By the Numbers: TC study updates trucking landscape

OTTAWA — Heavy trucks accounted for 21.5 billion vehicle kilometers in 2005 and 13 percent of those were empty hauls — compared to six billion kilometers for medium-sized trucks, according to a new Transport Canada study released this week.

Alberta houses about a quarter of
the national trucking fleet.

In its annual report, Transportation in Canada 2006, Transport Canada also found, not too surprisingly, that Canadian for-hire trucking firms carried over 80 per cent of total tonnage shipped intraprovincially.

Trucking also accounted for 61 percent of trade with the United States, while rail managed 17 percent, pipeline 13 per cent, air five percent and marine four percent.

However, heavy truck activity across the Canada-U.S. border fell about one percent in 2006 to 12.9 million two-way trips.

The Ontario Trucking Association has complied a list of some more trucking-specific highlights. Among them:

— Truck carriers with annual revenues of $12 million or more accounted for 55.2 percent of the trucking revenues generated by trucking firms with at least $1 million of annual revenues.

Five commodity groups represent between 80
and 87 percent of all exports and imports.

— According to the Canadian Vehicle Survey, there were 615,000 commercial trucks (gross weight of at least 4,500 kilograms) in Canada, of which 321,000 were medium-sized, weighing between 4,500 and 15,000 kilograms. A total of 294,000 were Class 8 (heavy) trucks. Ontario (37%), Alberta (25 %) and Quebec (13.5 %) accounted for over 75 percent of the nation’s heavy truck fleet.

— In domestic activities, construction materials are the top commodities moved by trucks intraprovincially, followed by agricultural products, primary metals, metal and mineral products, and energy products.

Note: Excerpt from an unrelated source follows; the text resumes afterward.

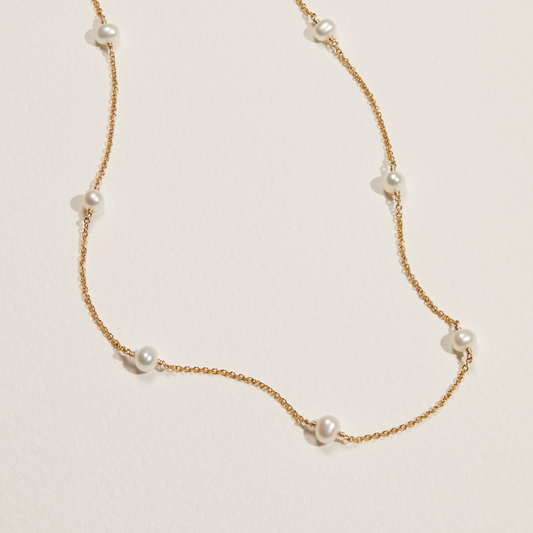 Isabella - Silver Ten Pearl Choker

— Five commodity groups represented almost 80 percent of total exports in 2005: automobiles and transport equipment, machinery and electrical equipment, other manufacturing products, plastics and chemical products, and base metals/articles of base metal. The same five commodity groups represented 87 percent of imports.

— Heavy truck fuel efficiency averaged about 33 L per 100 km, with straight trucks averaging 31 liters, and tractor-trailers averaging 35 liters.

— The trucking industry as a whole employed 356,124 people in 2005. Of these there were 109,284 drivers employed by the for-hire trucking industry, 78,500 owner-operators, and, according to 2001 census data, 102,509 self-declared delivery drivers.